Мне вспоминаются мелочи, чепуха, неуловимое, даже не поступки, не слова, просто взгляды. Но что делать, если взгляды запомнились. На этом совещании из меня, кажется, намеревались делать фигуру. Еще бы, участник совещания, комсомолец и уже лауреат! Я открывал прения. От меня ждали восклицаний, благодарностей, клятв. Я разочаровал, мямлил о чем-то несущественном. Вождь комсомола Михайлов в своей речи меня поправил и несколько осадил.
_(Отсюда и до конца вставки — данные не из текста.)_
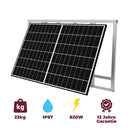 Balkonkraftwerk mit 2x410W Solarmodule der Marke Sunova Solar SS-410-54MDH, 800W Wechselrichter APsystems EZ1-M, 5m Schutzkontaktkabell, 4 x 2m DC Kabel, mit Halterung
Но настоящая "осада" началась недели через три. Как гром среди ясного неба - исключение из комсомола за то, что я скрыл, что являюсь сыном врага народа. Начался новый пароксизм шумихи вокруг "Студентов", на этот раз скандал. Теперь уж я стал действительно знаменитостью или, говоря словами Слуцкого, "широко известен в узких кругах". Лауреат, которого следовало исключить. Ах, вот была жалость для руководителей Союза, что не успели меня принять в члены и теперь были лишены сладости исключать! Впрочем, некоторую сладость все-таки испытали, вопрос обсуждался на секретариате. Кажется, особенно свирепствовали Бубеннов, Соболев, Панферов и Шагинян. Она требовала чуть ли ни отобрать у меня премию. Были бы рады это сделать, но страх перед именем - премии-то сталинские - леденил руки. Эту историю я, может, расскажу когда-нибудь подробнее. Я ведь прошел все круги комсомольского исключения: собрание в Литинституте, где я состоял на учете, райком и горком. Дело завершилось строгим выговором с предупреждением. Оставили жить. Но райские кущи отодвинулись: договора на переиздания на меня, как на других лауреатов, не сыпались, а единственное договорное издание "Молодой гвардии" застряло и вышло лишь через год.
Кто же подставил плечо той нелепой весной, когда на меня, сбивая с ног, обрушилось почти одновременно два ливня: горячий и ледяной? Только друзья. Но они были молоды, слабосильны, не имели ни авторитета, ни связей. Из писателей - Гроссман. Он один выступил на секретариате в мою защиту.